Case Report: We report a case of hydropic HDFN due to anti-Kpa antibodies discovered incidentally with direct antiglobulin testing of a fetal blood sample in the course of work-up and treatment for presumed acute parvovirus B19 induced hydrops fetalis. Six intrauterine red blood cell transfusions and one simple neonatal red blood cell transfusion were required.
Conclusion: The cause of fetal anemia needs to be properly diagnosed in order to provide appropriate clinical care in affected pregnancies. Sensitization from uncommon antigens is more difficult to diagnose due to the lack of routine screening. This case illustrates the importance of performing direct antiglobulin testing on fetal blood before intrauterine transfusion in any case of fetal anemia despite presumed alternative etiologies.

Keywords: Anti-Kpa antibody, Hemolytic disease of the fetus and newborn (HDFN), Direct antiglobulin test (DAT), Hydrops fetalis, Alloimmunization


Introduction

Antibodies to the Kell antigens are a well-known source of potentially severe hemolytic disease of the fetus and newborn (HDFN). There are 24 antigens in the Kell blood group. Antibodies to the K antigen are most frequently associated with HDFN. [1] [2] Less common antigenic incompatibilities in the Kell blood group system such as anti-Kpa are infrequently reported to be associated with HDFN. Approximately, 2% of Caucasians and less than 0.01% of African-American express the Kpa antigen. A review of literature found one other case of prenatal diagnosis of severe HDFN due to maternal anti-Kpa and four reports of babies diagnosed after birth and requiring treatment for HDN due to anti-Kpa. [3] [4] [5] [6] [7] A review of a database of all alloimmunized pregnancies evaluated with serum screening at the authors' institution from 1959 through 2011 did not identify any other cases of anti-Kpa.
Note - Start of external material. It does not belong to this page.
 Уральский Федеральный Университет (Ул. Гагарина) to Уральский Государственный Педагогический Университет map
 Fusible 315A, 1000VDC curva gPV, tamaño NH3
The incidence of HDFN is estimated to be 0.15–1.1% from non-RhD antibodies and 1–2% from antibodies to RhD (Rhesus disease). [8] Our case illustrates the potential for severe HDFN due to anti-Kpa and the importance of routine direct antiglobulin testing in any case of fetal anemia that could be caused by uncommon antibodies. The local institutional review board approved the publication of this case report.


Case Report

A 27-year-old Caucasian female presented for a routine fetal anatomical ultrasound at 25 weeks and 2 days gestation in her third pregnancy. Using standard hemagglutination tests, no antibodies were detected in the maternal serum using MTS gel cards (Ortho Clinical Diagnostics, Raritan, NJ) and all antibody screens during previous pregnancies were also negative. The patient had negative antibody screens in the current and past pregnancies. Her previous pregnancies were conceived with the same partner and she had not received blood transfusions in the past. Her first pregnancy was uncomplicated and delivered at term, the second pregnancy ended in a first trimester spontaneous abortion and the current pregnancy was otherwise uncomplicated.
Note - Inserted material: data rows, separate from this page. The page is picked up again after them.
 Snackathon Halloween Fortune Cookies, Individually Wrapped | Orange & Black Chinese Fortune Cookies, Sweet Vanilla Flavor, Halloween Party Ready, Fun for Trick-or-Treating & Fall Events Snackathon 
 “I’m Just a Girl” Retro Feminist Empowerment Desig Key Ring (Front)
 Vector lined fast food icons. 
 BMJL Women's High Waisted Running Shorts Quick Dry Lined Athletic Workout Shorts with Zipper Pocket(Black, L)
Fetal hydrops fetalis was diagnosed during this routine ultrasound. Middle cerebral artery peak systolic velocity (MCAPSV) ultrasound measurement was greater than 1.5 multiples of the mean, a finding consistent with fetal anemia. The presumed etiology was parvovirus B19 because the patient was an elementary school teacher with a known recent exposure to a child with parvovirus (Fifth disease).

Prompt fetal blood sampling via cordocentesis confirmed severe fetal anemia (hemoglobin 3.0 g/dL, hematocrit 9.2%, reticulocyte count 10.4%, absolute reticulocyte count 6.66x104/µL, 139 nucleated red blood cells). The fetal blood was tested by the tube method and found to be type O RhD positive with a 1+ direct antiglobulin test (DAT). Maternal serology and polymerase chain reaction (PCR) study of the amniotic fluid were negative for parvovirus. Amniotic fluid analysis yielded a delta OD 450 high in zone IIA, evidence of a hemolytic process in the fetus. In addition, maternal serum rubella, herpes simplex, and cytomegalovirus serologies were unrevealing.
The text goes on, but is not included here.